Output the line containing "Modelo de Rede" and each line after it through the end of the data, exactly as written, with pictures left out.

********

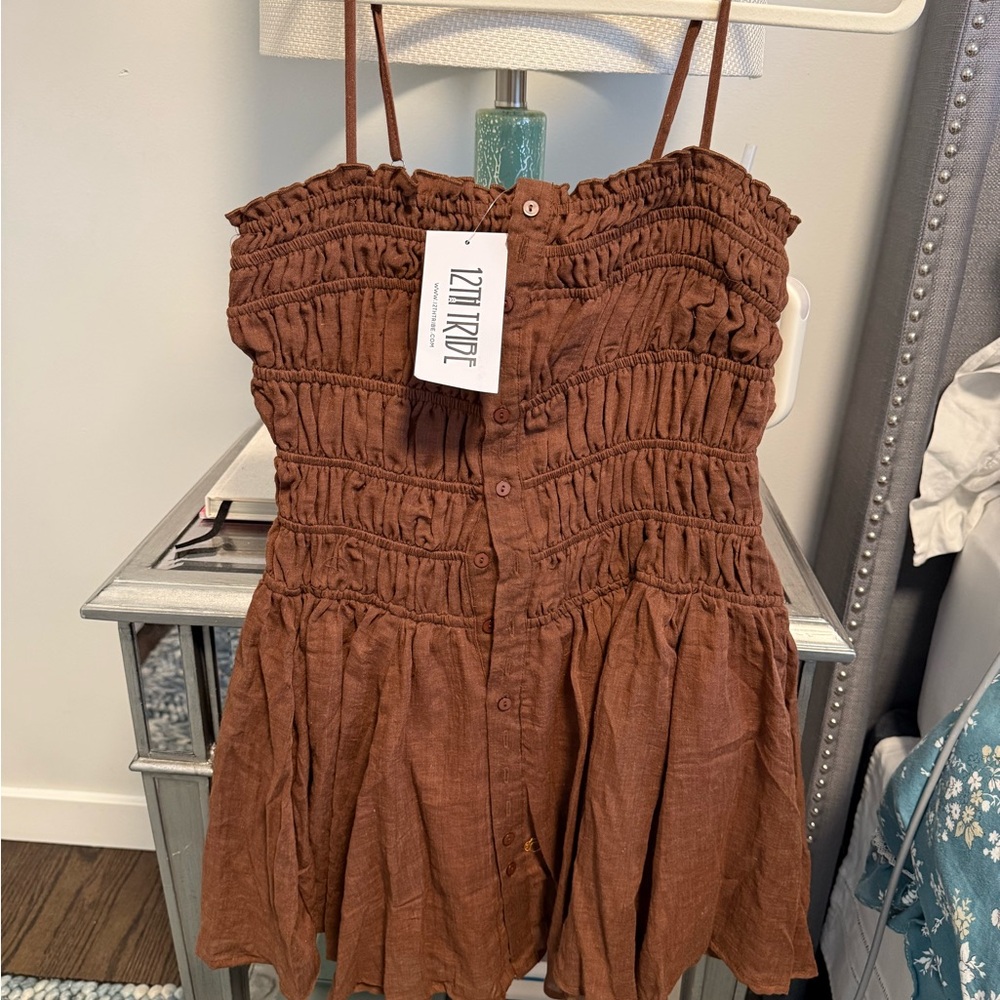 Zara Brown Smocked Women's Top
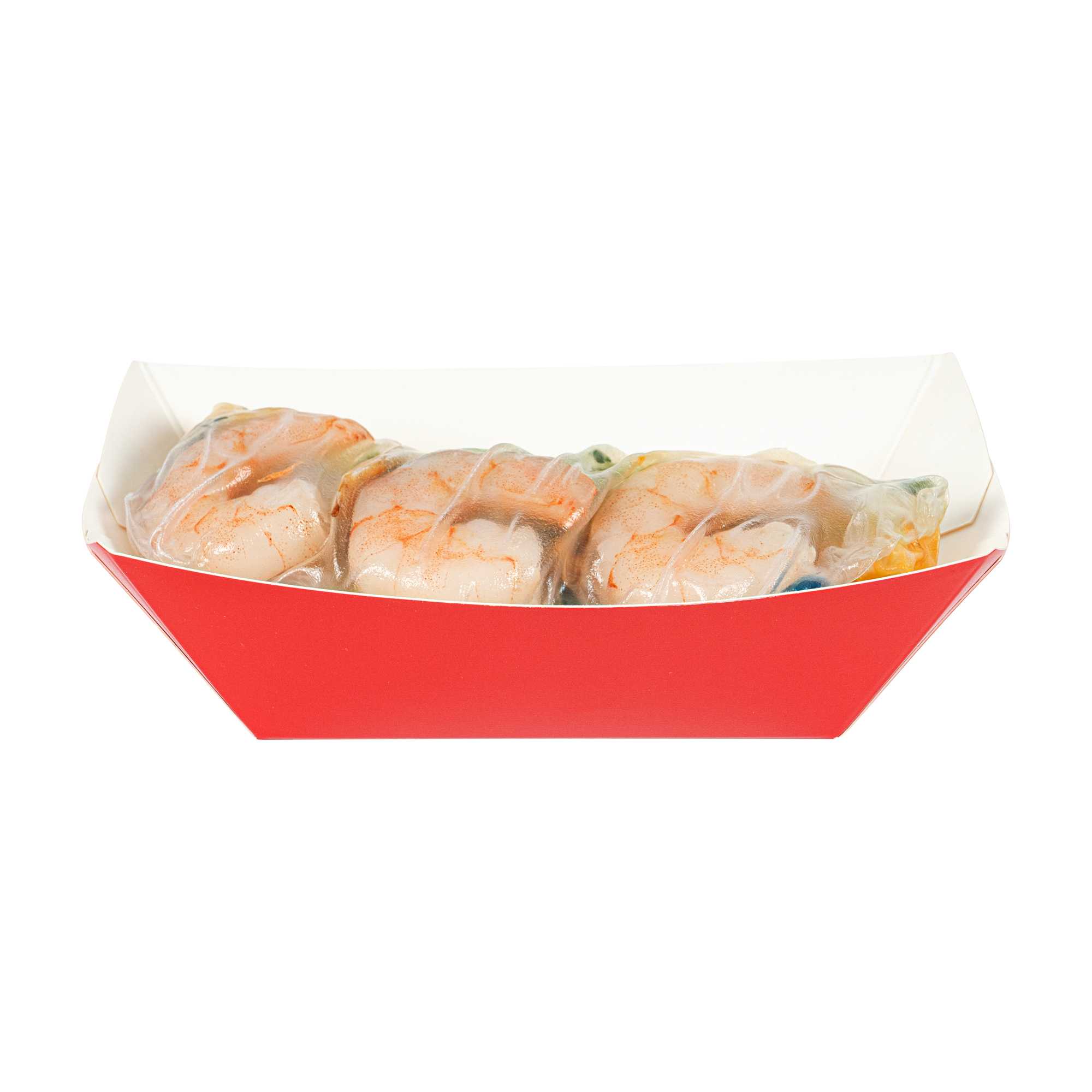 Bio Tek 6 oz Red Paper #40 Food Tray / Boat - 5" x 4" x 1 1/2" - 50 count box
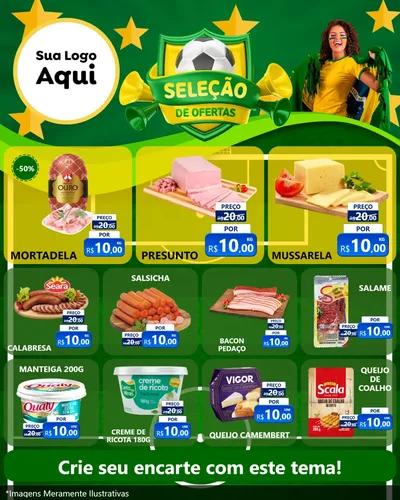 Modelo de Rede Social para Feed Instagram com o tema Seleção de Ofertas - Copa para Frios e Laticínios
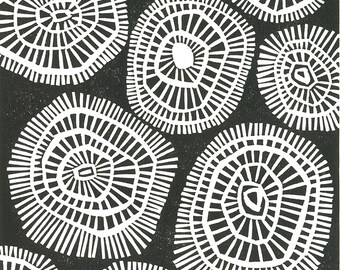 MOD CIRCLES - Geometric Linocut Print - Black & White Mid Century Modern Print - 8x10 Minimalist Print - Ready to Ship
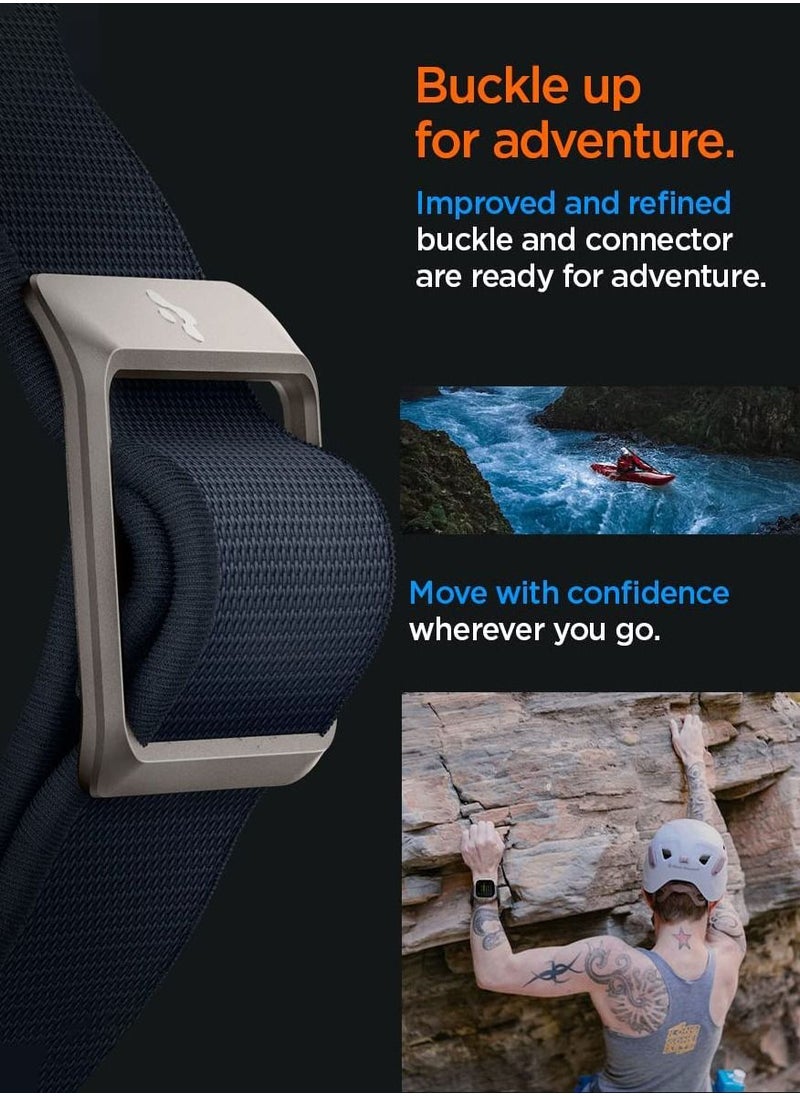 Spigen - Lite Fit Ultra Band for Apple Watch Band for Apple Watch Ultra 2 / Watch Ultra (49mm), Series 8/7 (45mm), Series SE2/6/SE/5/4 (44mm) and Series 3/2/1 (42mm) Nylon Solo Loop - Navy - Image 1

********

▸ **Response**
 Modelo de Rede Social para Feed Instagram com o tema Seleção de Ofertas - Copa para Frios e Laticínios
 MOD CIRCLES - Geometric Linocut Print - Black & White Mid Century Modern Print - 8x10 Minimalist Print - Ready to Ship
 Spigen - Lite Fit Ultra Band for Apple Watch Band for Apple Watch Ultra 2 / Watch Ultra (49mm), Series 8/7 (45mm), Series SE2/6/SE/5/4 (44mm) and Series 3/2/1 (42mm) Nylon Solo Loop - Navy - Image 1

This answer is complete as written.